Feds Seek to Shut Music Clubs
WASHINGTON — The federal government is seeking to shut down “rave” music and dance clubs in an effort to wipe out the drug MDMA, which is known as ecstasy, Reuters reported.
Joe Keefe, chief of operations for the Drug Enforcement Administration in Washington, told Reuters in an interview that use of ecstasy at rave houses is rampant and growing, and that promoters and proprietors of these venues are running criminal enterprises that encourage and facilitate dangerous drug use.
“Kids are overdosing at these parties,” said Keefe. “They have what they call ‘chill rooms’ where the kids go because they’re so overheated because of the dancing and the drug use.
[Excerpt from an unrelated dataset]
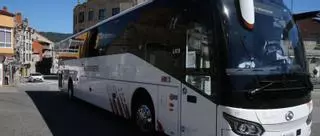 Vuelven a quedar en tierra pasajeros de Moaña pese al refuerzo del tercer autobús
They’re not discouraging the drug use, they’re providing an environment and paraphernalia that goes along with it.”
Keefe said this includes baby pacifiers used to keep the hopped-up kids from grinding their teeth and fluorescent light sticks used to amplify the hallucinogenic effects of the drug.
Rejecting the argument of rave operators that they search for drugs and confiscate what they find — and actively discourage the use of ecstasy and other drugs — Keefe insists they “are doing a pretty good job of helping facilitate it” by providing chill rooms, ice water, pacifiers and other items.
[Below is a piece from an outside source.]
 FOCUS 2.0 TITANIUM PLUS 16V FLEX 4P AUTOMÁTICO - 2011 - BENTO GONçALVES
“Although we believe the government may have the best intentions, our basic contention is this policy is detrimental and counterproductive” to the end of discouraging drug use and keeping kids safe, said Eric Tomasi, spokesman for Responsible Party Movement, the Baltimore-Washington chapter of DanceSafe.
DanceSafe, a national organization that grew out of the rave scene, seeks to “reduce drug abuse and empower young people to make healthy, informed lifestyle choices,” according to the group’s Web site at www.dancesafe.org .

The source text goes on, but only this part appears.